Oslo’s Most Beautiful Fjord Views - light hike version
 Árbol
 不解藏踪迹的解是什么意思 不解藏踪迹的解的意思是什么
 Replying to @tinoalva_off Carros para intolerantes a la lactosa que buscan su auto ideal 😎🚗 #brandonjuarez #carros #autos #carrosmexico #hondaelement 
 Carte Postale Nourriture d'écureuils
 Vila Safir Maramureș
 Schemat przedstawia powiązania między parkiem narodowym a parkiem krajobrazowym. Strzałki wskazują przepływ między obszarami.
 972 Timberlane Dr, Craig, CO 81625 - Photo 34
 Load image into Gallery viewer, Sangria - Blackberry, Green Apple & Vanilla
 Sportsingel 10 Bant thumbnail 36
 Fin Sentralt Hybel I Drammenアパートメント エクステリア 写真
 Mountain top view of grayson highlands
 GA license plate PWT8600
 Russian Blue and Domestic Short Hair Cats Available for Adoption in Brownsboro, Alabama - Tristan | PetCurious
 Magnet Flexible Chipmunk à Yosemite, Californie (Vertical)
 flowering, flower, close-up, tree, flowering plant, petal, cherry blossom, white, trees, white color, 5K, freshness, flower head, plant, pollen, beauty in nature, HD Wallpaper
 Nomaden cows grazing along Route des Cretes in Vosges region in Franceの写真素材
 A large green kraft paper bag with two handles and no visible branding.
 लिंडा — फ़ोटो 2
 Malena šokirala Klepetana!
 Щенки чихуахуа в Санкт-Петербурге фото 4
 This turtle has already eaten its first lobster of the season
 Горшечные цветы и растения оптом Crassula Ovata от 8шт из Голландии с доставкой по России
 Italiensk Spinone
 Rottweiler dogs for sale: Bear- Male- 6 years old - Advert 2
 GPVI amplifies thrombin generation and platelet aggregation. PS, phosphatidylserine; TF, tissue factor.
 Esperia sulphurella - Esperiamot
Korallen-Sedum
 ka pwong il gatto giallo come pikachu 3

______

Task goal: Beginning with the line that contains "GPVI amplifies thrombin", retype every remaining line of the listing exactly, ending with the last one.

Exercise output:
 GPVI amplifies thrombin generation and platelet aggregation. PS, phosphatidylserine; TF, tissue factor.
 Esperia sulphurella - Esperiamot
Korallen-Sedum
 ka pwong il gatto giallo come pikachu 3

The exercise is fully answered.